Potential Responsibilities of Agile Team Members
To misquote Uncle Ben Parker, with great rights come great responsibilities. Agile team members have the responsibility to:
- Optimize their WoW. Optimizing how we work together should be looked at from a long term perspective. Allowing a specialist to take on a particular type of task may seem optimal in the short term because the task is done quickly. In the long term it may be more optimal to ask someone to pair with the specialist, even if it takes longer to complete the current task, to allow them to pick up new skills.
- Be willing to collaborate extensively within your team, including those outside your specialty. Gone are the days when a developer could go hide in a corner and hack away at code. Collaboration is required across all team members.
- Share all information including “work in progress. ” One of the keys to successful agility is transparency. If you run into a problem, tell the team so they can help out or at least re-plan. If you complete something quickly, tell the team so they can work on next steps whether that be: testing, or documenting or promoting. Everyone should know what everyone on the team is doing all the time.
- Coach others in your skills and experience. The goal is to increase the skill set of everyone on the team so be prepared to teach your skills to the other team members.

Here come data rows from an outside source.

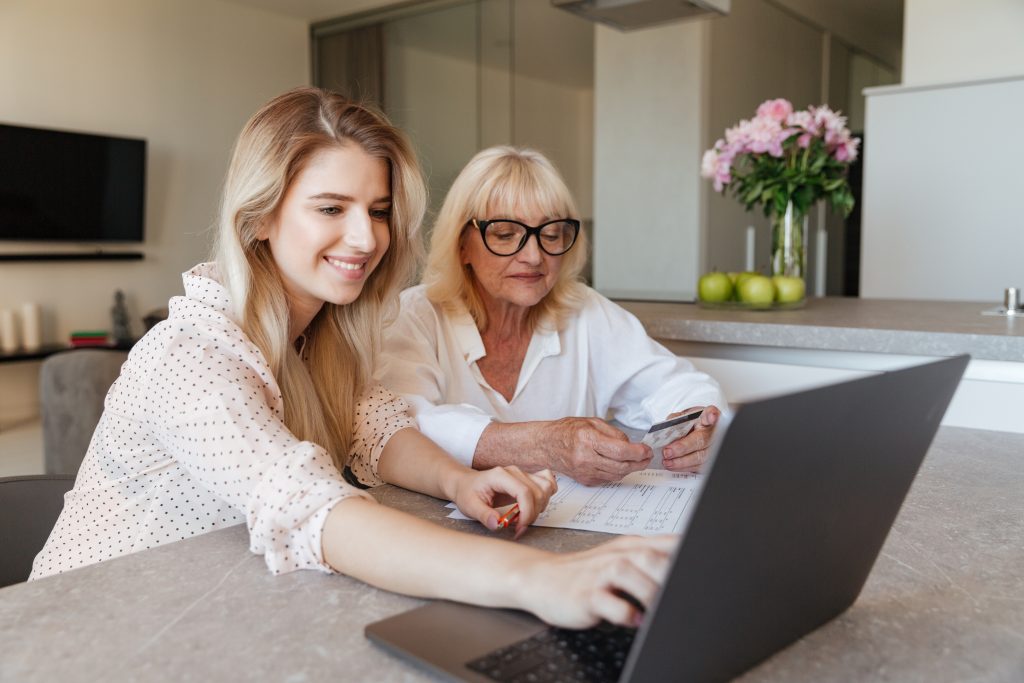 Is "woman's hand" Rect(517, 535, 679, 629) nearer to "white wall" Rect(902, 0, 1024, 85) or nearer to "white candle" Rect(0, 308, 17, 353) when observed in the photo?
"white wall" Rect(902, 0, 1024, 85)

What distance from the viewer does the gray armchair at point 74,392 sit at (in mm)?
2613

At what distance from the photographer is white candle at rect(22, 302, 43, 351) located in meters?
5.27

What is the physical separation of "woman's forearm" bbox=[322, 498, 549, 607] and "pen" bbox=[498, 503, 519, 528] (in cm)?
17

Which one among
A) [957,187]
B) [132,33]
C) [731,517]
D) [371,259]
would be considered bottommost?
[731,517]

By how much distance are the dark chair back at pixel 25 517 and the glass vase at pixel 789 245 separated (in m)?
1.95

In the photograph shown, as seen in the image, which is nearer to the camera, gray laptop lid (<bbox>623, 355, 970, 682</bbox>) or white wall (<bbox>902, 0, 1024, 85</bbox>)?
gray laptop lid (<bbox>623, 355, 970, 682</bbox>)

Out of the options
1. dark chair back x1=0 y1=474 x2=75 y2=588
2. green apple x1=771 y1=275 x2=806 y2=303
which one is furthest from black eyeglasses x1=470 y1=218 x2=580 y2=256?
green apple x1=771 y1=275 x2=806 y2=303

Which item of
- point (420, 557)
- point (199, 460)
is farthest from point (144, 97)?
point (420, 557)

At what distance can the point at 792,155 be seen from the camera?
242cm

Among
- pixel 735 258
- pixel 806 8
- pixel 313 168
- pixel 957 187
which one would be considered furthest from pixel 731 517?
pixel 806 8

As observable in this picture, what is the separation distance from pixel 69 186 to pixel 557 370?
4.76 metres

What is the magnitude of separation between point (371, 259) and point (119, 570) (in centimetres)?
52

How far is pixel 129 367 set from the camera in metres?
1.05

Previously the performance of people was assessed on their ability to perform specialty tasks. The focus needs to shift to how well a person collaborates, shares and increases the teams ability to perform.
- Expand your knowledge and skills outside your specialty. Again, the goal is to increase the skill set of everyone including you so everyone needs to be open to learning new skills so they can help the team do every required task.
- Validate your work as early as possible, working with others to do so. No more writing code and getting it promoted directly to production or producing documents that haven’t been reviewed. All code should be reviewed by another developer; non-solo strategies such as pairing or mobbing are great for this because it reduces the feedback loop to almost zero since several sets of eyes are always on the code . And all code needs to be tested against the acceptance criteria in the user story. Nothing goes out without someone else on the team reviewing it because it is a team responsibility to ensure quality.
- Attend co-ordination meetings in person or through other means if not collocated. The co-ordination meeting is the most important meeting of the day and nothing else takes priority. Get to the meeting and get there on time. If you are late then you are holding up the whole team.
- Proactively look for ways to improve team performance. The retrospectives are designed to fix and improve the team’s process. Come prepared to the meeting to discuss how the recent work went and talk about things that went wrong and how to fix them.
- Avoid accepting work outside of the current iteration without consent from the team. For teams following an agile lifecycle (Agile, Continuous Delivery: Agile) commit to complete a specific bundle of work when they start an iteration. That means that all team members have made a commitment to complete all the work in the iteration. If you as a team member take on work from outside the iteration (whether it be from a colleague or an old boss or your current boss) then it means you are not working on tasks for the iteration and you are letting your team down. You should refuse all outside requests for your time. If that doesn’t work tell them they need to talk to the team lead. The team lead should refuse the request. If that doesn’t work then tell them to talk to the Product Owner. The Product Owner should refuse the request but offer to write it up and put it onto the backlog for consideration.